“I cannot honestly say that I liked Canberra very much; it was to me a place of exile; but I soon began to realize that the decision had been taken, that Canberra was and would continue to be the capital of the nation, and that it was therefore imperative to make it a worthy capital; something that the Australian people would come to admire and respect; something that would be a focal point for national pride and sentiment. Once I had converted myself to this faith, I became an apostle …”
Thus reported the clearly underwhelmed but ultimately committed Sir Robert Menzies in the Senate Select Committee Report, ‘Development of Canberra’ (September 1955), in unenthusiastic contemplation of the task of turning Canberra from a city of little more than a bunch of grim administrative buildings, whose development had shuddered to a halt during the Second World War, into a great vibrant capital, somewhere where people would actually want to voluntarily reside, as opposed to under a kind of inconsiderate administrative duress.
Many Australians still share Menzies lukewarm and dismissive view of the capital and see the word “Canberra’ as being synonymous with ‘politics’ or ‘public servant boffins’. Perhaps, at a stretch, they may link the name of the place to the great national institutions such as Old and New Parliament Houses, the National Library and the High Court – but with little more, and rarely, to be brutally honest, with anything renowned for resonating with soul or character.

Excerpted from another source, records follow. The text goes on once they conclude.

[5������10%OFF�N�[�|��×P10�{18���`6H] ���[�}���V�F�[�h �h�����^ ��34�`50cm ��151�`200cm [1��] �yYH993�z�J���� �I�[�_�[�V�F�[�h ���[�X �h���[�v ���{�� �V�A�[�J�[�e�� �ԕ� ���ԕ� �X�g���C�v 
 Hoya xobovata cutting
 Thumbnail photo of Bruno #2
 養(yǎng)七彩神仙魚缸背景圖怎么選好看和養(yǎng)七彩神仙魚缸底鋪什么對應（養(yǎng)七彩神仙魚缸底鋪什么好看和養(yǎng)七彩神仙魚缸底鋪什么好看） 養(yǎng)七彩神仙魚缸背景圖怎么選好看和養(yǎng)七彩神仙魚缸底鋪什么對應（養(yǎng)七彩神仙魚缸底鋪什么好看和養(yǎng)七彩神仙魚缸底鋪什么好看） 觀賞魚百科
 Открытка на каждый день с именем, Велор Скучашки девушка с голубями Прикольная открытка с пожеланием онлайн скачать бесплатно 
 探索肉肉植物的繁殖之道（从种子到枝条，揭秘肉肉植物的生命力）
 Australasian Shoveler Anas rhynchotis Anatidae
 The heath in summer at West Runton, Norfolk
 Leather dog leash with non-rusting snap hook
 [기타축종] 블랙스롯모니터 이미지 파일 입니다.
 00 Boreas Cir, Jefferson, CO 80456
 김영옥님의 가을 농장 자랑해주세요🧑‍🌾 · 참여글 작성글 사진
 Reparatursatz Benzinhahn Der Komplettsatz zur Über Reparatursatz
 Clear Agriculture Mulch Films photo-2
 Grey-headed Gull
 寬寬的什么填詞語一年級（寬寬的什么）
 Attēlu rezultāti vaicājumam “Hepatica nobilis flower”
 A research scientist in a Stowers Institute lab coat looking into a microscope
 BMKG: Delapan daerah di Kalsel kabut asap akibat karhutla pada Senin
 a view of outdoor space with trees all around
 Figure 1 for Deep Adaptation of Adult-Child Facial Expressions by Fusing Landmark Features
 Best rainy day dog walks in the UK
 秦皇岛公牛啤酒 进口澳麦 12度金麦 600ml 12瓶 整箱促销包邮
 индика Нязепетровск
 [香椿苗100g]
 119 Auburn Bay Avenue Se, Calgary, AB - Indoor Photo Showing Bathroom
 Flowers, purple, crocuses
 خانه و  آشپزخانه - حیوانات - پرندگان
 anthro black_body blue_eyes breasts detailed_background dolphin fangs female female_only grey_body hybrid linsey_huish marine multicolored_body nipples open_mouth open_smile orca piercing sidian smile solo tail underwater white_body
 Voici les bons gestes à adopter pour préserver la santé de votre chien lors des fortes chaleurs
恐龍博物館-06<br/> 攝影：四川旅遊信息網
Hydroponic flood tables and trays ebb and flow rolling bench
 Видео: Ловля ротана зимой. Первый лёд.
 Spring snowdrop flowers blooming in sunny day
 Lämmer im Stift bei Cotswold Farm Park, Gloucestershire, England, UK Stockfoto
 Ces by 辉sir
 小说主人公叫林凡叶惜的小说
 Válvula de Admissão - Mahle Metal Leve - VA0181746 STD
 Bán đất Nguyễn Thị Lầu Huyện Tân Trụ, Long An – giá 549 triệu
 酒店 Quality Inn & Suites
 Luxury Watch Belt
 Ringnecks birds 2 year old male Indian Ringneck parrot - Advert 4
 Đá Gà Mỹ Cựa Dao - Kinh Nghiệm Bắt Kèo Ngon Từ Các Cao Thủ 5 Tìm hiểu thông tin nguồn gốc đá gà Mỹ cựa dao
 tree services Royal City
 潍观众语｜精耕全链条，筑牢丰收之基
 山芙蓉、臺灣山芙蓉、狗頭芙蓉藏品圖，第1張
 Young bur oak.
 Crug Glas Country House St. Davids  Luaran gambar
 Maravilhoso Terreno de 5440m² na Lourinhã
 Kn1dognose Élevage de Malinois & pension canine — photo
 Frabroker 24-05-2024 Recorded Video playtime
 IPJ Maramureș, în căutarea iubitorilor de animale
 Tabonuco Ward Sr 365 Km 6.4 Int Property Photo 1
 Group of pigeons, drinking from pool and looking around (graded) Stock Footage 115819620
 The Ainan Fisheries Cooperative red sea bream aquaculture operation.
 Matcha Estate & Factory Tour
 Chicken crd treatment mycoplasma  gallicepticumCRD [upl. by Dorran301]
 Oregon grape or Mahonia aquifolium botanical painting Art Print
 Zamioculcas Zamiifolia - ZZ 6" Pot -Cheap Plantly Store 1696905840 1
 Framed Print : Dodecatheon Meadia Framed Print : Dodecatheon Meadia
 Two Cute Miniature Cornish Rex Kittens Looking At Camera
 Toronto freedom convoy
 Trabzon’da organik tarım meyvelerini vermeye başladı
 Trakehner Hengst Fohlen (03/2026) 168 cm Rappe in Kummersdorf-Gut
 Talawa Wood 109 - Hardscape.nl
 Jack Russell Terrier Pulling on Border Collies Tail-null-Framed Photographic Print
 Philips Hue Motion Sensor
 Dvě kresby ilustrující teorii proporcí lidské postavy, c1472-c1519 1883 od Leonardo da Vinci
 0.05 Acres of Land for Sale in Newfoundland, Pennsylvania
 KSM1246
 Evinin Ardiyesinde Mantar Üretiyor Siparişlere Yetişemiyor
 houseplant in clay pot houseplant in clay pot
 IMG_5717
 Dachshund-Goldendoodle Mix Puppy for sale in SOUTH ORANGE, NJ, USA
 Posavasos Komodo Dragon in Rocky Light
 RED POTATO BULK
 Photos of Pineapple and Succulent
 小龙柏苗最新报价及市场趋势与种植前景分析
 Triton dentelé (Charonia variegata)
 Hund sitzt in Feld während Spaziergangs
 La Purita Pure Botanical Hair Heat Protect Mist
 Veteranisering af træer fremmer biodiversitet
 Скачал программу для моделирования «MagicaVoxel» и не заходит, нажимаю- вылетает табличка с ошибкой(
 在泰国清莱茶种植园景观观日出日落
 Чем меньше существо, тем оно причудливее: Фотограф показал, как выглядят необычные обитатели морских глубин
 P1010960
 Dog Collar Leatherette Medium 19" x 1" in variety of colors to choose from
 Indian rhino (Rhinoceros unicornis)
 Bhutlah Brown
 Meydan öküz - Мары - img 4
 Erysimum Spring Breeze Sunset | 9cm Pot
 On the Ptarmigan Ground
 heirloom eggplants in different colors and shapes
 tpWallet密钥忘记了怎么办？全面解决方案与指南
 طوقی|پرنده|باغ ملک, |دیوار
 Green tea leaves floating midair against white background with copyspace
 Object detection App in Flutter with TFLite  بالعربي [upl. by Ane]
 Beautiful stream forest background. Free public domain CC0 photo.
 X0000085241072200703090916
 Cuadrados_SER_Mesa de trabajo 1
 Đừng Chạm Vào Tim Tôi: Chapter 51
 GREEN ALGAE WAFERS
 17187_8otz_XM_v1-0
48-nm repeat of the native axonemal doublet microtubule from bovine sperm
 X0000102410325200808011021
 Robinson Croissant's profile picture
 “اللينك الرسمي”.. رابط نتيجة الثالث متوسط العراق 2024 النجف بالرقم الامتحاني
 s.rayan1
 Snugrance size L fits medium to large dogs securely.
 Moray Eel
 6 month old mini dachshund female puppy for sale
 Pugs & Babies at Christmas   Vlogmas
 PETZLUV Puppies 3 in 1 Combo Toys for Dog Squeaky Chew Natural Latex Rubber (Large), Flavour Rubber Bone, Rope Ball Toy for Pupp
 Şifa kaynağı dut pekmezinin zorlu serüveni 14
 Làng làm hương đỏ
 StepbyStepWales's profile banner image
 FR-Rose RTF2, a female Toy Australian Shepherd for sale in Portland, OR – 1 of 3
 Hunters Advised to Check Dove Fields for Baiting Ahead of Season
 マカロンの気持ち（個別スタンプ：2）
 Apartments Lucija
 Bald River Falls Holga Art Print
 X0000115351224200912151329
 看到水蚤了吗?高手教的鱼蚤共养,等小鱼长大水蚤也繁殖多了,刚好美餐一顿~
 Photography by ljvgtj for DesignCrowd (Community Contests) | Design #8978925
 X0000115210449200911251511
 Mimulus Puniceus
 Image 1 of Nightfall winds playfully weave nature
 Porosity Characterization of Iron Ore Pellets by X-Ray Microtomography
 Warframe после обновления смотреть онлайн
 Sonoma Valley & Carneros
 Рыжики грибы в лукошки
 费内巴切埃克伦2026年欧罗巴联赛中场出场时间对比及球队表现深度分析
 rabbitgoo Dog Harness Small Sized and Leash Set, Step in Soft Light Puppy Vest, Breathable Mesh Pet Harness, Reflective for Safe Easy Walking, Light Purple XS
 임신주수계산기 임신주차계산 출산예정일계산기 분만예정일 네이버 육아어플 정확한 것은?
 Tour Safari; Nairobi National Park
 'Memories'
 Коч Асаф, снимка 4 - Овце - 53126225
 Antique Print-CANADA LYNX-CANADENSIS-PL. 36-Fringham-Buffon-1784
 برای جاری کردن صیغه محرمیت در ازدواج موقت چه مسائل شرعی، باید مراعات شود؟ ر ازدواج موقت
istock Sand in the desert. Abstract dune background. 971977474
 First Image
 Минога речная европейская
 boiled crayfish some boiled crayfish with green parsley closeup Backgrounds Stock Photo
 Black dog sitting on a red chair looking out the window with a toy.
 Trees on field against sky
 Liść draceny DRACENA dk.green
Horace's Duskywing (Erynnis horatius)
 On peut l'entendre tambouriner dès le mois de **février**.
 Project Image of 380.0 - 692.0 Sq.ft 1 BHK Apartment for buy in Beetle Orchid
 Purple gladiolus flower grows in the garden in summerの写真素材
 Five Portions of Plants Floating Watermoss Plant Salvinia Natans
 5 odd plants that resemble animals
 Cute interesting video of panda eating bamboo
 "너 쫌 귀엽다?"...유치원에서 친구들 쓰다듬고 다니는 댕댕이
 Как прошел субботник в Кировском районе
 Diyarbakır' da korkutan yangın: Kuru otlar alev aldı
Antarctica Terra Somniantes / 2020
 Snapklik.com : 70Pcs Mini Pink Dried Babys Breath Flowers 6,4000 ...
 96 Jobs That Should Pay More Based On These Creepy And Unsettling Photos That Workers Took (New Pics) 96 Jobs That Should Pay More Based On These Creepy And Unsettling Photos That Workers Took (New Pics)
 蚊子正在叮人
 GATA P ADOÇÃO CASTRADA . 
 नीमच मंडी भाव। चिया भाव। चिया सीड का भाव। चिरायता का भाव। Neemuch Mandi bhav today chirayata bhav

But to me, resident of this city since 1998, it IS synonymous with something else. I glimpsed it briefly in early 2001 when 10,000 Canberrans rallied in no uncertain fashion for Australia’s public broadcaster, the ABC. It showed its face again in 2003 when people here pulled together in the face massive fires which caused loss of life and destruction of property. More recently, I’ve listened to the views of my fellow Canberrans on what they consider to be the great issues of our time, the environment, economics, the challenges of transitioning to sustainable living. I’m calling this elusive thing ‘Community’ and I have faith that it is still here in these tumultuous times, lurking in the background.
So I was very interested to read a story in the Canberra Times last year about kitchen table conversations initiated by the Belconnen branch of the See-Change organisation. SEE-Change is a community not-for-profit group focused on local grass roots action in Canberra, responding to concerns about the strains we place on the planet, with an emphasis on a safer, social and environmental path through practical community action.
I was sure, given my experience of Canberra and its people, that something positive would come out of this. Based on the model provided by the Victorian Womens’ Trust and utilised by the ‘Voice for Indi’ campaign which resulted in the election of independent candidate Cathy McGowan to Parliament, the conversations took place in late 2014 in the Belconnen (North Canberra) area and the results were released as a report on 24 February 2015.
But reports all too frequently just stop at being reports, so meetings were held on March 23 and 30, 2015, to workshop ways of taking the results of the conversations forward. During the second meeting, to facilitate a non-hierarchical engagement, participants were seated so that we were all facing each other, and Mark Spain, SEE-Change chair, placed a stone in the centre of the circle. Participants were invited to take the stone, introduce themselves, say what they had taken away from the previous meeting and what they were hoping to get from this one, and place the stone back in the centre of the circle when finished.
Backwards and forwards went the stone, the introductions, the reasons why people were there, and what they saw as the issues relating to genuine civic engagement.
How can we hold a space in this city for citizens to talk about things that matter?
Did you know that it is an established fact that true democracy is actually good for your health?
People are interested in the democratic process, but feel disempowered.
But citizen engagement has to start somewhere.
Last year’s Kitchen Table Conversations only scratched the surface. I feel that there are a lot more conversations to be had and a lot more to say.
How do we continue conversations and create structures that are engaging for people not currently engaged in the conversation?
What is Community?
We need to reinvent Community.
Canberra is a unique Community in lots of ways. We’re not the same as Sydney, or a place like Indi in Victoria either. Let’s explore this.
We might be able to do something that engages not just 180 people but 200,000.
How DO we get these conversations to the 200,000?
How do we empower our leaders?
How do we empower ourselves?
We want a better world for our grandkids.
Where to next?
There are a few things to look forward to, which will hopefully ensure that these comments, questions and concerns don’t just linger in the air and ultimately waft away in the breeze. SEE-Change intends to hold three public meetings across Canberra in the next twelve months on how Kitchen Table Conversations work, how to get involved, and how to be a host. Meeting outcomes and notes will then be available on the SEE-Change website, with possibly a public meeting to follow. If any group wants to conduct its own Kitchen Table Conversation process, SEE-Change will help. In the meantime, the discussions on civic engagement will continue.
There’s something else planned in the near future, which intrigues me given my interest in sustainable urban living. SEE-Change will also launch Canberra Transition on May 5, 2015 and host two large participative engagement workshops per year for any and all groups and individuals interested in learning and innovating collaboratively together for large system transformation.